§ What is needed
Starting at the first line of the entries below, output every line exactly, up to and including the line with "Toàn Chức Kiếm Tu Chapter 31 - Trang 2".
____ Data listing
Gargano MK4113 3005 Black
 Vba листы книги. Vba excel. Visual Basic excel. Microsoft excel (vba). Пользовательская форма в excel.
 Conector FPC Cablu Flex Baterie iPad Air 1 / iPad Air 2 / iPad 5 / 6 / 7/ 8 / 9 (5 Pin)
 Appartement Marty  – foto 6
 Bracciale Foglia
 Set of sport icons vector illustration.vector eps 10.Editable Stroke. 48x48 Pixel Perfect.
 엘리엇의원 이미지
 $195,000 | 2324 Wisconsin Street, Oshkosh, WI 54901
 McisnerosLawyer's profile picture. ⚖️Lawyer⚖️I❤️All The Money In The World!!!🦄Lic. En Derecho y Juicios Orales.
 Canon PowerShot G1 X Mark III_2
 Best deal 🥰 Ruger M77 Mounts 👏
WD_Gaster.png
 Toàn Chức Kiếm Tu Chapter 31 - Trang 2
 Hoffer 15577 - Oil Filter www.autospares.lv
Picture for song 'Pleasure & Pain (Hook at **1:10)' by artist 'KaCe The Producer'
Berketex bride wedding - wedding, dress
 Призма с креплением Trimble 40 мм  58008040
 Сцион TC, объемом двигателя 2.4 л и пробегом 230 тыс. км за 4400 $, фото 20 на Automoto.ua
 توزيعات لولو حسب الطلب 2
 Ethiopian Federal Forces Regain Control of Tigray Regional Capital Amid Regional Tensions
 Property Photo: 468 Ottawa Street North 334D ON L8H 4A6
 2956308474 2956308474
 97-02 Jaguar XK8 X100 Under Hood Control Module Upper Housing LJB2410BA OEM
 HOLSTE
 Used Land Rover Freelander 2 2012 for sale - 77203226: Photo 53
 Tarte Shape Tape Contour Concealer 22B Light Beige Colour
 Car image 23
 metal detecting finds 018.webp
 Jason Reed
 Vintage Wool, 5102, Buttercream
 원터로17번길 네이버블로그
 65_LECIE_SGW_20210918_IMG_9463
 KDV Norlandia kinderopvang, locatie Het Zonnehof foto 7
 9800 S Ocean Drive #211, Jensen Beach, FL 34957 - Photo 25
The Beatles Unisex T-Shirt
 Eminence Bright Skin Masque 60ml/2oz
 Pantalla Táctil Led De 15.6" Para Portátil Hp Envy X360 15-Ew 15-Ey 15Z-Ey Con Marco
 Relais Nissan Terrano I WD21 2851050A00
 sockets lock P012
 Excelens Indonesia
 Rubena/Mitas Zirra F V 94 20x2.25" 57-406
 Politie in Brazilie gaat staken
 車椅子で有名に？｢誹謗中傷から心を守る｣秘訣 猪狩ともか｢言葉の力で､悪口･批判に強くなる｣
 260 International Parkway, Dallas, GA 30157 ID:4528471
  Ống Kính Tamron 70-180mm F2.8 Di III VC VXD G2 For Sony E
________
§ Completed exercise
Gargano MK4113 3005 Black
 Vba листы книги. Vba excel. Visual Basic excel. Microsoft excel (vba). Пользовательская форма в excel.
 Conector FPC Cablu Flex Baterie iPad Air 1 / iPad Air 2 / iPad 5 / 6 / 7/ 8 / 9 (5 Pin)
 Appartement Marty  – foto 6
 Bracciale Foglia
 Set of sport icons vector illustration.vector eps 10.Editable Stroke. 48x48 Pixel Perfect.
 엘리엇의원 이미지
 $195,000 | 2324 Wisconsin Street, Oshkosh, WI 54901
 McisnerosLawyer's profile picture. ⚖️Lawyer⚖️I❤️All The Money In The World!!!🦄Lic. En Derecho y Juicios Orales.
 Canon PowerShot G1 X Mark III_2
 Best deal 🥰 Ruger M77 Mounts 👏
WD_Gaster.png
 Toàn Chức Kiếm Tu Chapter 31 - Trang 2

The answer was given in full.